Recently, for the first time in 12 years, my husband and I found ourselves in the market for a car. My husband hates negotiating, so the chore of haggling for a car fell on me. I had the misguided notion that the Internet would make price negotiation easier, but that assumption was wrong. Instead, I found that negotiating the price of a car is harder now than it was 12 years ago.
There is definitely something to be said for car dealerships like CarMax that tote a no haggle price. But which is better? Haggling with traditional dealerships or going with a dealership that doesn’t play games?
For us, the answer was the latter.
We started our car search ready to haggle and get a good deal. Instead, all we got was frustration!
The Frustration of Haggling
We religiously searched the Internet to find cars in our price range. We found one, called to confirm it was still there, and then made the 45 minute drive only to find out it had been sold. I doubt if it was even there when we called, honestly.
Next, we went to another dealership, this time two hours away, to snag a good deal that we found online. However, unbeknownst to us, the dealer had an advertised Internet price, but below it, he had a disclaimer—plus dealer fees and extras. Well, the dealer fees and extras ended up being $2,700 more than the advertised price.
Still, we wanted the car, so we tried to negotiate, but they would not budge much. After a few rounds of haggling, they were only willing to knock $1,500 off the dealer fees and extras, which would have had us paying $1,200 extra beyond the Internet advertised price plus the fees for the plates, taxes, etc. No thanks. Of course, once we drove home, they called us and were willing to negotiate some more. They still wouldn’t agree to the price we wanted, and we didn’t want to drive two hours again to get the car.
By this time, we were fed up with our car search and the sales people’s tactics.
No Haggle Dealerships
Back we went to the Internet. A week later we found a car that was a good deal. We called that dealership and asked the important questions:
Is the car still available?
Do you take any extra fees on to the advertised Internet price?
Yes, the car was available, and no, there were no additional fees.
We loved the car, and after our weeks of searching, we knew it was a good deal. The salesman almost immediately offered us an additional $600 off the advertised price, but he wouldn’t negotiate after that. That put the car right in our price range, and we happily took it.
If you like to haggle, that might be the right technique for you. However, I found the process this time to be very frustrating.
I’d much rather give my business to a dealership that prices the car appropriately (we checked this before we actually saw the car by checking the Blue Book price) and that doesn’t play number games.

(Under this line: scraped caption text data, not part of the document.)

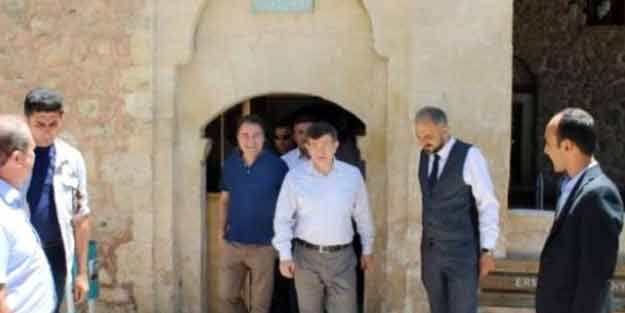 Bomba iddia: Yeni parti orada kuruldu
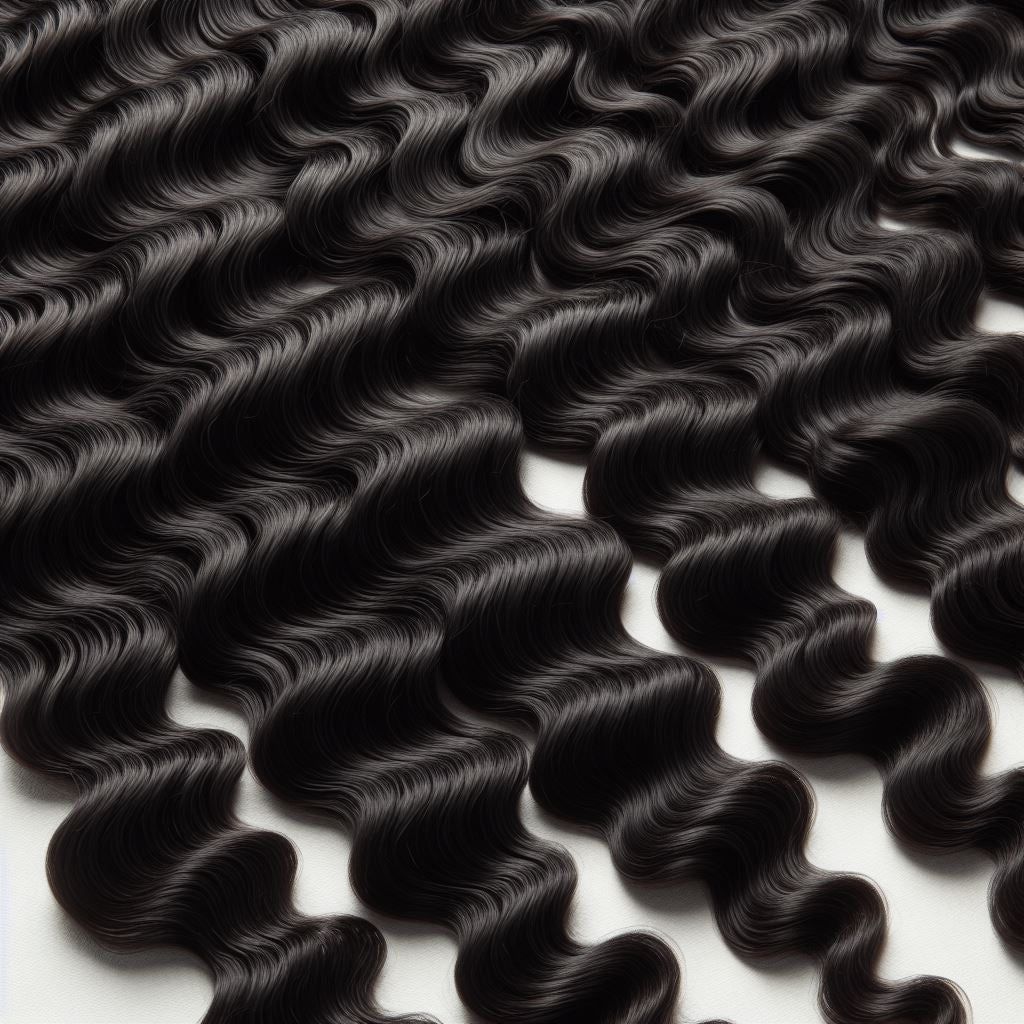 💎PENELOPE💎 CUSTOM MADE WIG| DEEP WAVE| “THE DIAMOND COLLECTION”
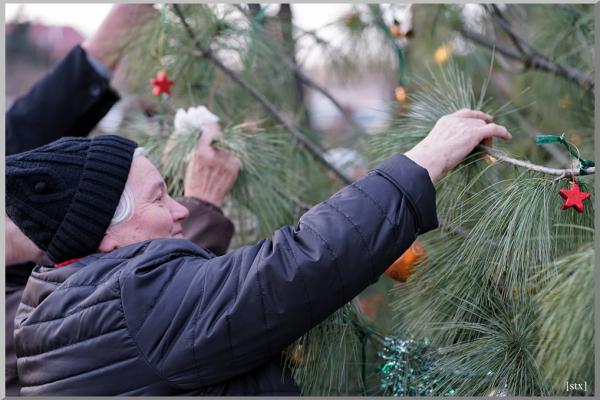 Advent harmadik vasrnapja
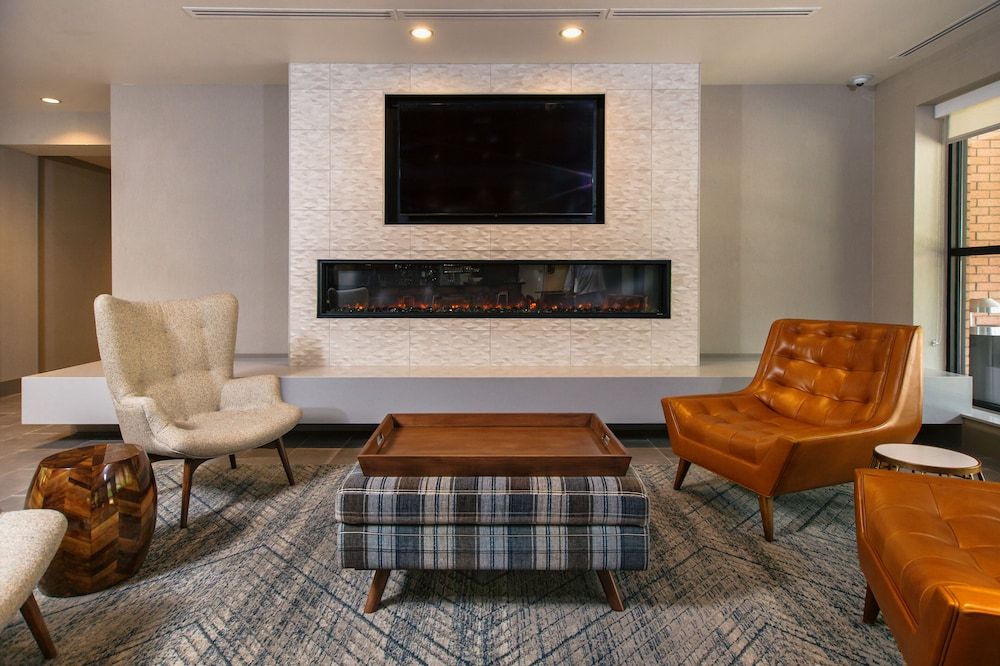 Four Points by Sheraton Deadwood 2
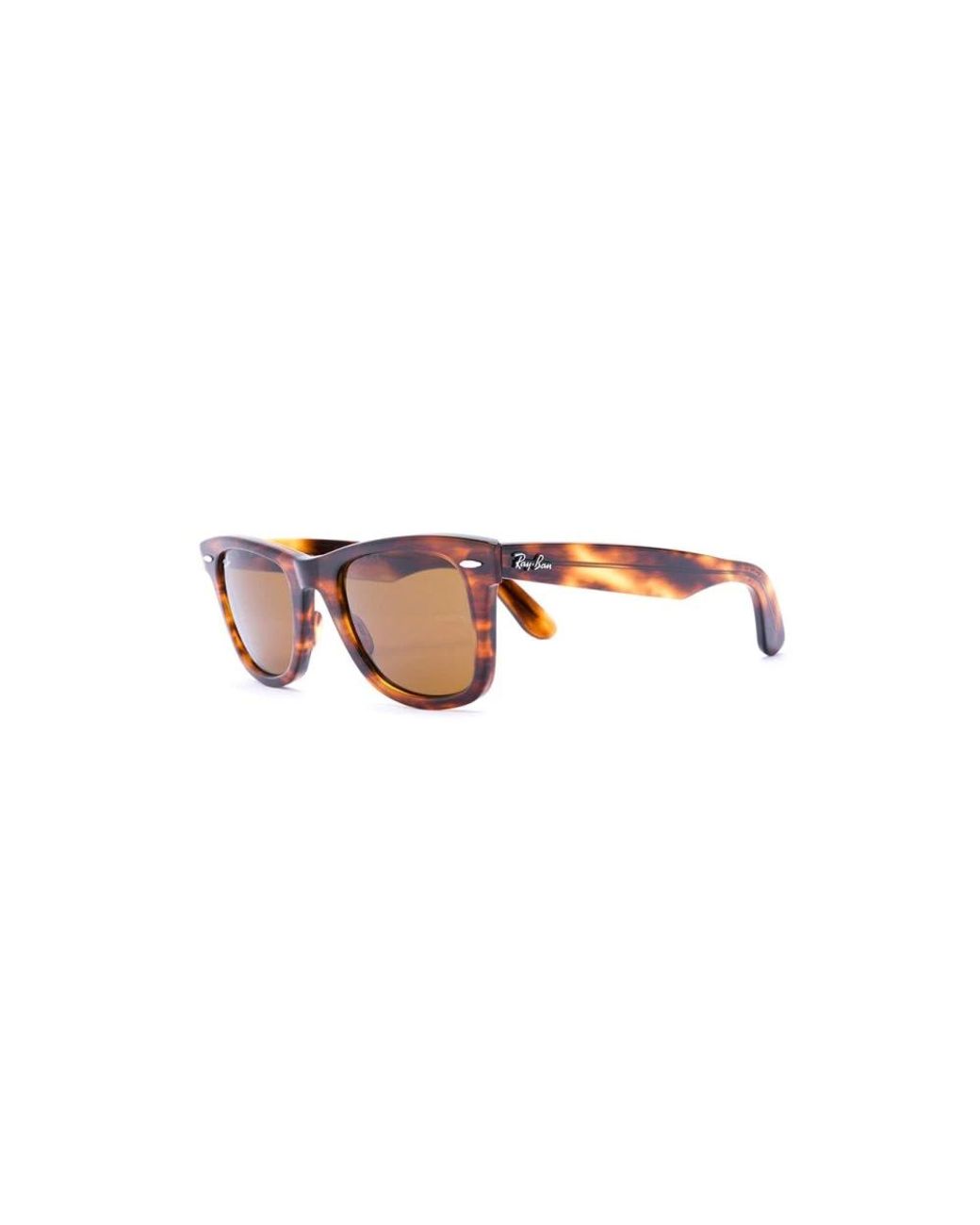 Ray-Ban Brown Sunglasses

Have you bought a car recently? Did you haggle, or do you prefer to use a dealership that doesn’t play games?
Melissa is a writer and virtual assistant. She earned her Master’s from Southern Illinois University, and her Bachelor’s in English from the University of Michigan. When she’s not working, you can find her homeschooling her kids, reading a good book, or cooking. She resides in New York, where she loves the natural beauty of the area.
B at Fire The Boss says
I have once bought a car of which I negotiated quite a bit of the price. The thing was, there were so much of these cars being sold second hand that I didn’t really have to go to this particular dealer. Plus, this car was sitting on his lot for a few months already.
I learned that everything in life is negotiable. Now of course, not everything has to be negotiated, but you could.
Stephanie M says
My husband doesn’t like to negotiate either, so I usually do it whether it’s at a yard sale or car dealership. We’ve bought 2 cars together, one at a dealership and one private sale. I *sort of* negotiated at the dealership, but even though I felt good about it, I realized later that we really didn’t get a deal at all and ended up paying at the top end of our price range.
The private party sale was much better and a whole lot easier. We showed up, drove the car, offered $700 under his asking price, he was comfortable with $500 under *which is what we had planned to pay*, so we handed over the money and off we went!
I actually worked at CarMax for a short time, and the no haggle policy was very helpful, I thought.
I agree with B above. If you can find a car that’s been sitting for a while the dealer is usually willing to haggle. The one we went to said they didn’t haggle at all. Then when we got up to leave they all of the sudden were able to take hundreds off the price. What a coincidence!